Veps or Vepsians are a Finnic people who speak the Veps language, which belongs to the Finnic branch of the Uralic languages. The self-designations of these people in various dialects are vepslaine, bepslaane, and (in northern dialects, southwest of Lake Onega) lüdinik and lüdilaine. According to the 2002 census, there were 8,240 Veps in Russia. Of the 281 Veps in Ukraine, 11 spoke Vepsian (Ukr. Census 2001). The most prominent researcher of the Veps in Finland is Eugene Holman. Western Vepsians have kept their language and culture. Nowadays almost all Vepsians speak fluent Russian.
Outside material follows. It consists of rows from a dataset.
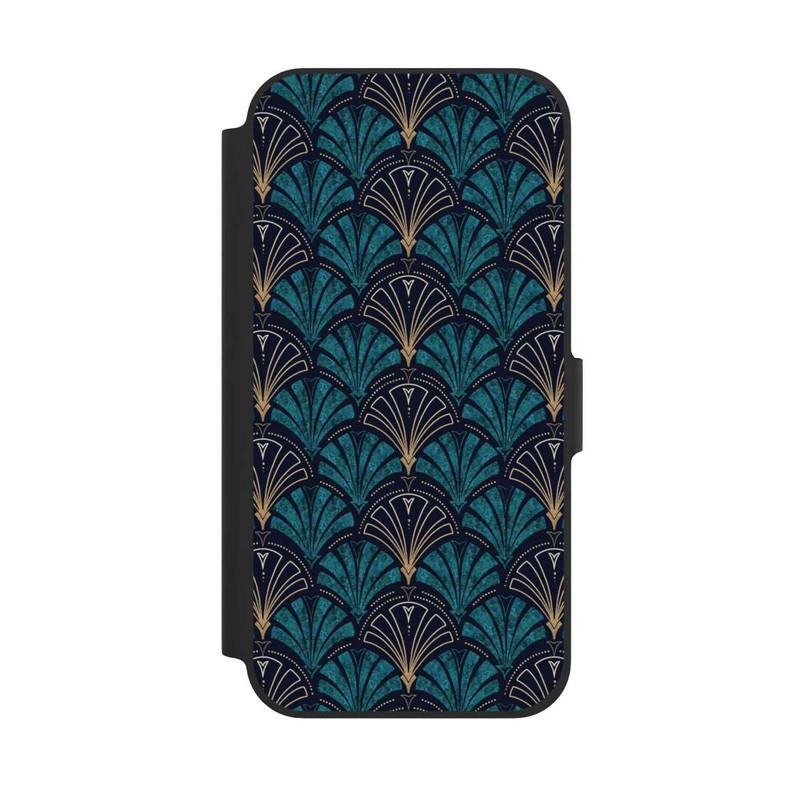iPhone 12 Pro NIVOflip Art Deco Aquamarin Gold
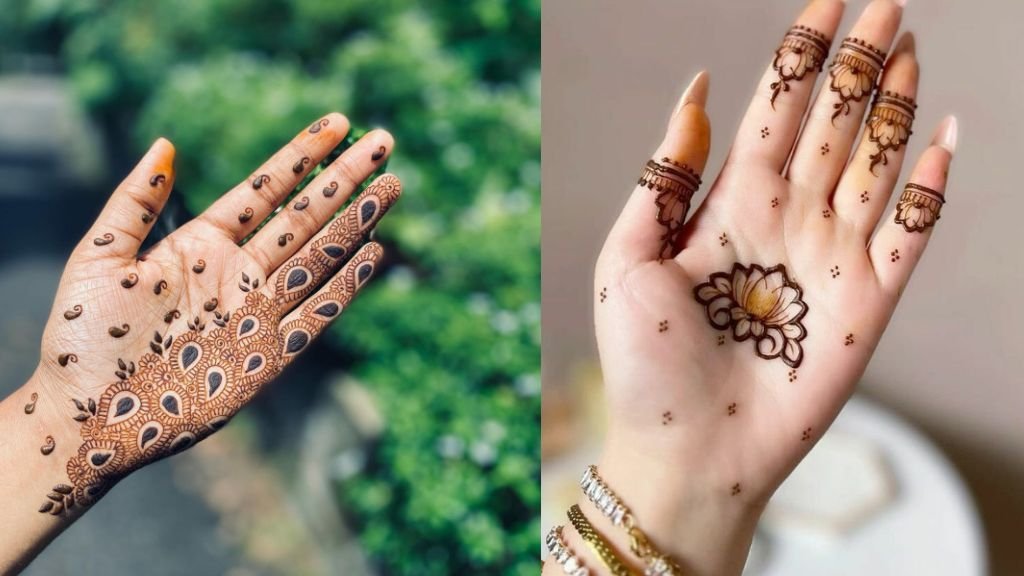 Simple Arabic Mehandi Design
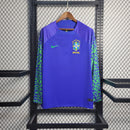 Camiseta Brasil Manga Larga 22/23 - Lux Shop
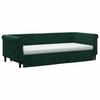 Pull Out Daybed with Drawers Dark Green 90 X 200 Cm Velvet
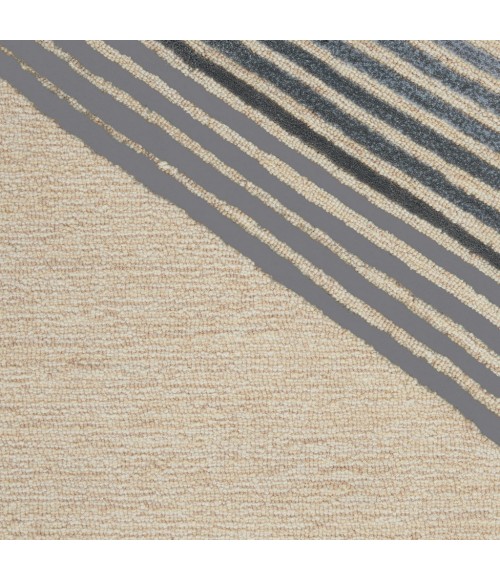 Nourison Symmetry Area Rug SMM06-Ivory/Grey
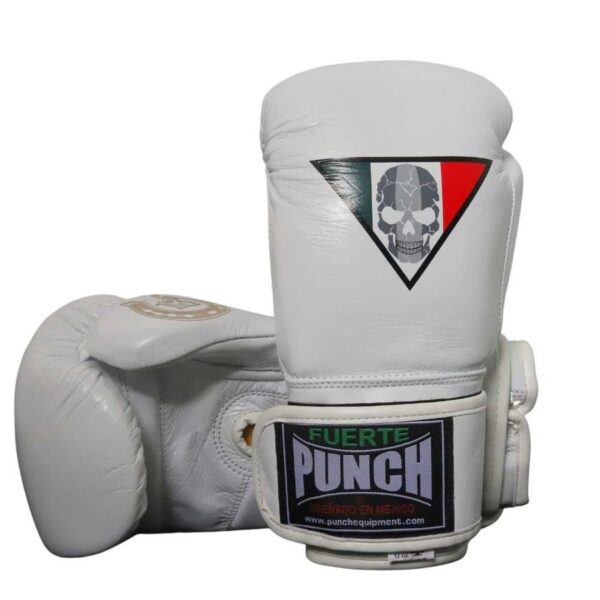 Mexican Lucky 13 Gloves White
The young generation in general does not speak their native language.

In modern times, they live in the area between Lake Ladoga, Onega, and Lake Beloye - in the Russian Republic of Karelia in the former Veps National Volost, in Leningrad Oblast along the Oyat River in the Podporozhsky and Lodeynopolsky Districts and further south in the Tikhvinsky and Boksitogorsky Districts, and in Vologda Oblast in the Vytegorsky and Babayevsky Districts.

Archeological and linguistic studies suggest that Vepsians lived in the valleys of the Sheksna, the Suda, and the Syas rivers, developing, according to Kalevi Wiik, from the proto-Vepsian Kargopol culture to the east of Lake Onega. They probably also lived in East Karelia and on the northern coast of Lake Onega. It is possible that the earliest mention of the Veps dates to the sixth century CE, when the Gothic historian Jordanes mentioned a people called Vasina broncas, which may have indicated the Vepsians. One of the eastern routes of the Vikings went through their area, and the bjarm people mentioned by the Vikings as inhabiting the coast of the White Sea may have referred to the Veps. Evidence from tombs prove that they had contact with Staraya Ladoga, Finland and Meryans, other Volga Finnic tribes and later with the Principality of Novgorod and other Russian states. Later Vepsians inhabited also the western and eastern shores of Onega.